Le coup de poker rejaillira sur le chef de l'État
De ce point de vue, l'ex-ministre de la Santé a, dès le départ, montré une certaine pugnacité et une volonté d'autonomie en mettant au rancart deux propositions phares et critiquées de Griveaux: la création d'un «Central Park» à la place de la gare de l'Est et l'octroi d'un apport de 100.000 euros à celles et ceux souhaitant accéder à la propriété à Paris. D'emblée, elle a mis sa patte sur la campagne LREM, la voulant moins clinquante et moins brouillonne. Elle s'est extraite du concours Lépine qui s'était engagé autour de propositions aussi farfelues qu'irréalistes.
Au bout du compte, le coup de poker de Macron peut aussi bien se retourner contre lui que lui permettre de remporter la mise. Si Buzyn parvenait à renverser la table en se mettant en position de pouvoir devenir maire de Paris, sa victoire serait d'abord la sienne mais elle rejaillirait forcément sur le président de la République à l'origine de ce plan de bataille. Mis à part qu'elle effacerait largement des résultats dont pas mal d'observateurs prédisent la modestie sur le plan national, elle serait une sorte de relégitimation électorale du chef de l'État pour la dernière ligne droite –deux ans tout de même– de son quinquennat.

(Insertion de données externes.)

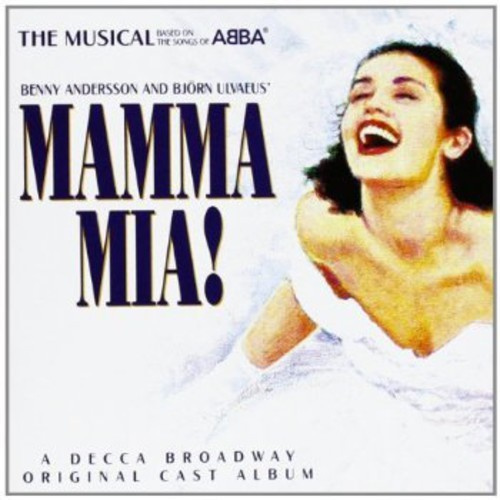 Various Artists - Mamma Mia - The Musical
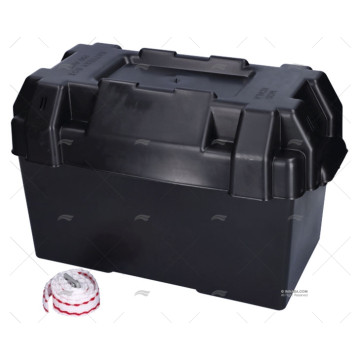 CAJA BATERIA 430x270x230mm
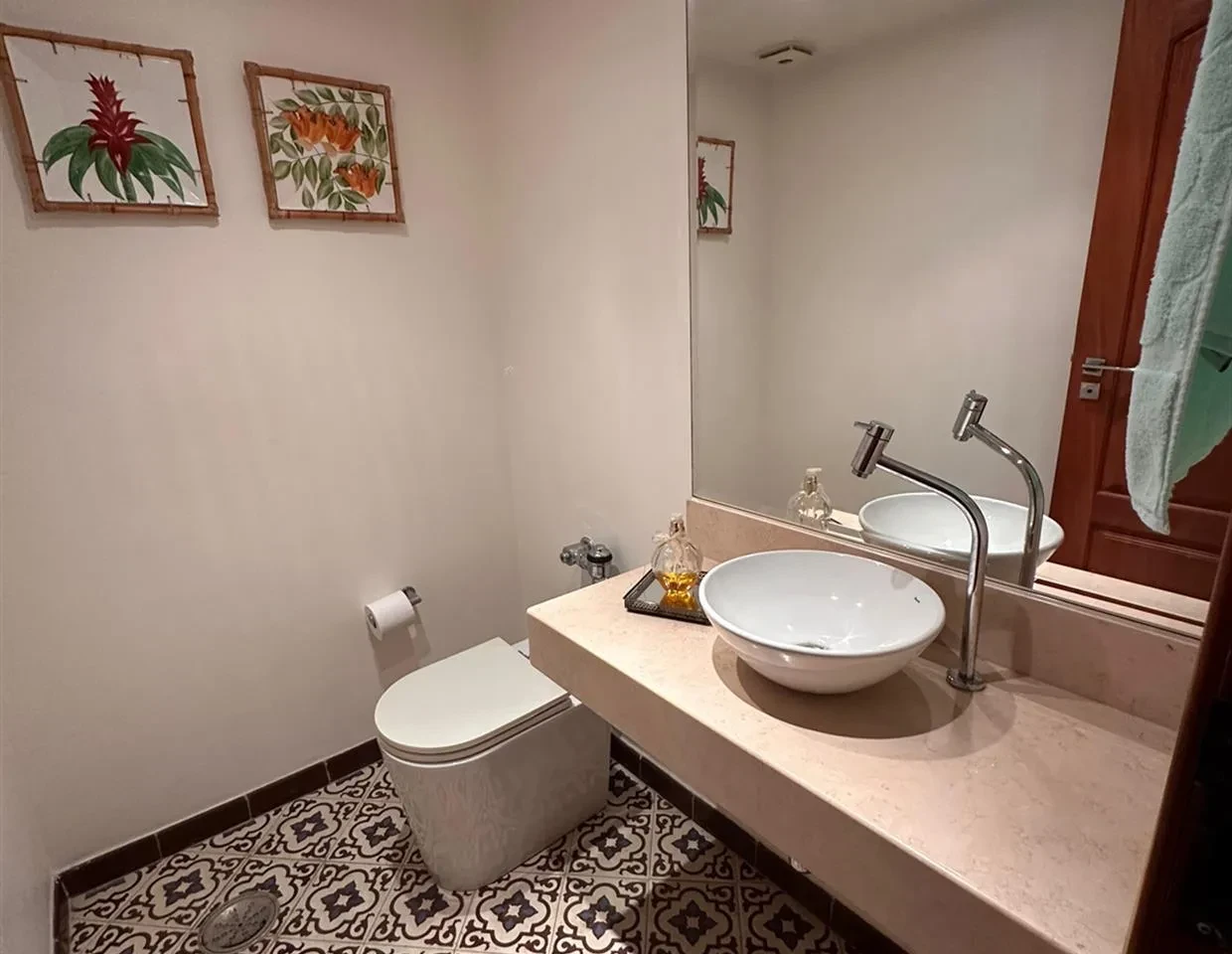 Imagem Apartamento com 3 Quartos à Venda, 246 m² em Copacabana - Rio de Janeiro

Dans le cas contraire, la défaite de Buzyn serait aussi la sienne pour les mêmes arguments que ceux développés ci-dessus. Tout dépendrait, bien sûr, de l'ampleur de cet échec tant les obstacles à surmonter pour elle –campagne de Griveaux qui faisait du sur-place, campagne-éclair imposée par son retrait, popularité médiocre des ministres– sont importants. Elle ne manquerait pas de ranimer la contestation contre l'exécutif et de maintenir Macron dans une position défensive pour la fin de son mandat. Faites vos jeux, rien ne va plus!